Monday, April 12, 2010

Coaching: how to get coached

I've had a few people contact me recently about my Life Coaching business asking me if I still do coaching or if I'm just blogging with coaching tips and ideas. 

The answer is Yes! I definitely still do coaching!

I realized I've never really addressed this here, so I'm gonna do that now:

I am a Certified Life Coach (notice the capital letters? fancy, right?). I didn't just decide to call myself one because it made a catchy blog title (although that would have been a heck of a lot cheaper! ;) lol). But instead I actually went through a really intensive 18 month program based out in Colorado in order to get my certification. I have been certified since 2007 and have been working with clients since 2005 (we are trained to coach by coaching so I had to have a client since day one of my coaching program! Talk about throwing us into the fire! Scary stuff but it was great lol). 

Anyway, it's been a challenge these past few years to maintain a business that is considered a "luxury". When the economy took a downturn so, unfortunately did my business.

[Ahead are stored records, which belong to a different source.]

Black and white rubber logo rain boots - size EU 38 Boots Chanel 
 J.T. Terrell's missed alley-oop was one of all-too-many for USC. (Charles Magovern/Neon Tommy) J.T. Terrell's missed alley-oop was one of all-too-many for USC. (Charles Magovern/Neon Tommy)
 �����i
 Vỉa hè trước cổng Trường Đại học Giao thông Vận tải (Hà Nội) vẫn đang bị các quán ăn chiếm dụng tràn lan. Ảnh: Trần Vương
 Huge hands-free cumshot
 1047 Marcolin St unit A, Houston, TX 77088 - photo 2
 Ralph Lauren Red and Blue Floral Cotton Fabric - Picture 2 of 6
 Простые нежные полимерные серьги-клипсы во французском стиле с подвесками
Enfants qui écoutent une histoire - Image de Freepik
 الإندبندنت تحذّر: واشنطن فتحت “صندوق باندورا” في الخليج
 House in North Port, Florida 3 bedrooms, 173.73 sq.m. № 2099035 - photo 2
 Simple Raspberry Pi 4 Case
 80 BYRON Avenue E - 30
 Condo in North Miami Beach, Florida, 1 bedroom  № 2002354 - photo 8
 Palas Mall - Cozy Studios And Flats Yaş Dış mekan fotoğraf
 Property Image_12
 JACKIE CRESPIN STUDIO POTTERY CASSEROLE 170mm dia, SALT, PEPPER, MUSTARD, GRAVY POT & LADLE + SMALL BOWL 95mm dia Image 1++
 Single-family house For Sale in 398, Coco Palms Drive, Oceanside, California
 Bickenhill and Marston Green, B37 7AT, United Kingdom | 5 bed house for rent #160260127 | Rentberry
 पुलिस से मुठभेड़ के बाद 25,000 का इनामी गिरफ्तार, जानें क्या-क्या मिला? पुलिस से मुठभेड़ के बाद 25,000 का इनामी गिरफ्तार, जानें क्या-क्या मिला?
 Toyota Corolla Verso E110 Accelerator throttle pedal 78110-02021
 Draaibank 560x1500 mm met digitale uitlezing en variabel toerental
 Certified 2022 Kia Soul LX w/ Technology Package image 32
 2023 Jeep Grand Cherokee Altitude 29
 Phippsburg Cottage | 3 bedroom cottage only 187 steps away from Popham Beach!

I didn't give up though and I continued to channel my passion for coaching and self-development into other projects. I wrote my first novel (which I am editing and hoping to shop around to agents by the end of the summer), I outlined several book ideas for non-fiction, coaching-style books and when clients were in short supply, I was able to focus my coaching-like energy into my friends (those who wanted me to, of course! I don't go around offering unsolicited advice).  My best friend actually has started calling me her Spiritual Adviser which is something that both flatters me and makes me really excited at the same time lol. 

ANYWAY, we are off on a tangent, which is apparently one of my strengths haha.

So coaching, where does the business stand now and what the hell is it?

Well, in brief: life coaching is like working with a personal trainer but instead of helping you get thin or buff we're helping you work through the places in your life that are keeping you from being who or what you want to be. We help you identify and change situations in your life that are keeping you stuck.  Ever notice that there seem to be cycles in your life? Bad relationships, not getting promoted, unable to stick to a new habit or routine?  These are all things you can definitely change! That's what a coach helps you do! We help you figure out where you're getting stuck and we help you figure out how to start doing different behaviors to get around those roadblocks! :) 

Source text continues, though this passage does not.